L’Encyclopédie de l’histoire du Québec / The Quebec History Encyclopedia

 

Robert Christie

 

Christie, Robert (1788-1856), politician and historian, was born in Windsor, Nova Scotia, in 1788. He was educated in Nova Scotia, but before the war of 1812 came to Canada, settled in Quebec, and was called to the bar of Lower Canada. He was elected in 1827 a member of the Legislative Assembly of Lower Canada for Gaspé, but was in 1829 expelled for having, as chairman of the quarter sessions of the district of Quebec, advised the omission of the names of certain Reformers from the commission of the peace.
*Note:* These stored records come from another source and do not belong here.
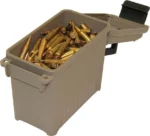 MTM Ammo Can Mini, open tan can filled with brass cartridges and black latch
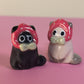 Mini Strawberry Kitty Cat Ceramic Figurine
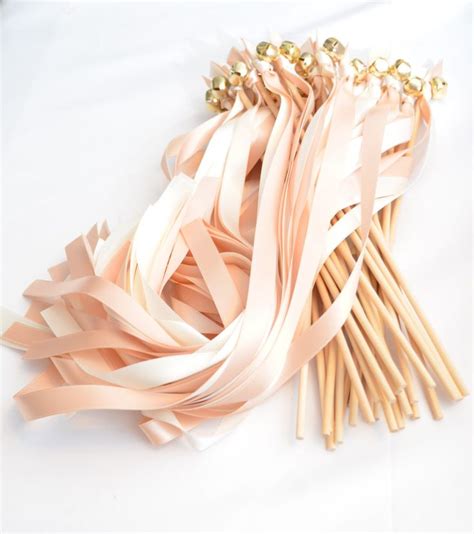 50 Ceremony Send Off Ribbon Wedding Bigger Bell Wands Choose Your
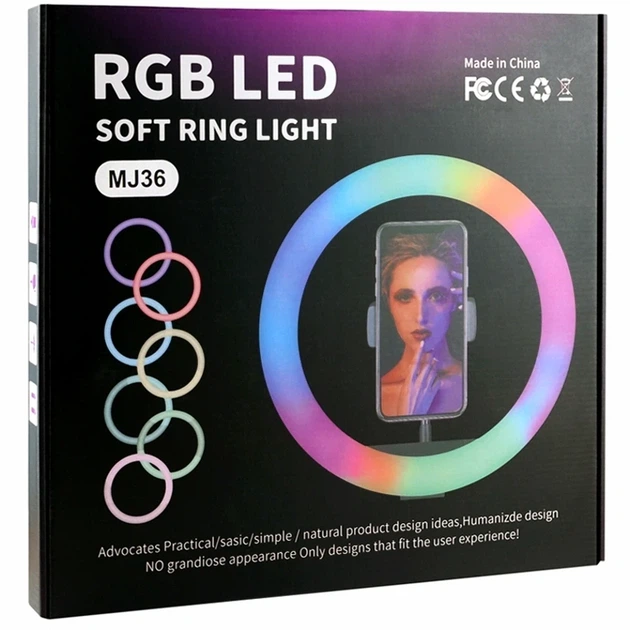 Лампа RGB 25W 36 см USB кольцевая для освещения смартфонов MJ36 черный - изображение 2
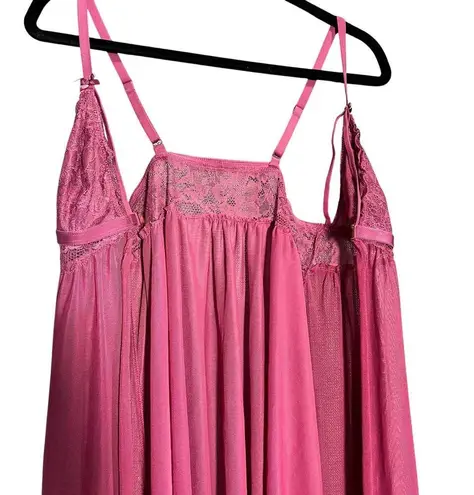 Women’s Babydoll Lace Front Clasp Mauve Lingerie Size Large Intimates Sexy Pink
Between 1829 and 1834 he was five times re-elected by his constituents and five times expelled by the Assembly. He then retired from the contest; but in 1841 he was again elected to represent Gaspé in the first parliament of united Canada. He continued to represent this constituency in parliament until the general election of 1854; but he did not play an important park in the House. His reputation rests, not on his parliamentary career, but on the historical researches to which he devoted himself for many years. As early as 1818, he had published Memoirs of the administration of the colonial government of Lower Canada by Sir James Henry Craig and Sir George Prevost (Quebec). This was followed by Memoirs of the administration of the government of Lower Canada by Sir Gordon Drummond, Sir John Coape Sherbrooke, the late Duke of Richmond, James Monk, Esquire (Quebec, 1820), Memoirs of the administrations of Lower Canada by the Right Honorable the Earl of Dalhousie (Quebec, 1829), and Administration of the Honorable Sir Francis Burton (Quebec, n.d.). All these were later incorporated in his History of the late province of Lower Canada (vols. i-v, Quebec, 1848-54; vol. vi, Montreal, 1855), a work without literary pretensions, but scrupulously impartial, and containing a great many documents of cardinal importance. The work was hardly completed when its author died in Quebec, on October 13, 1856. He married Olivette Doucet; she died at Quebec on January 18, 1865.

Source  : W. Stewart WALLACE, ed., The Encyclopedia of Canada, Vol. II, Toronto, University Associates of Canada, 1948, 411p., p. 60.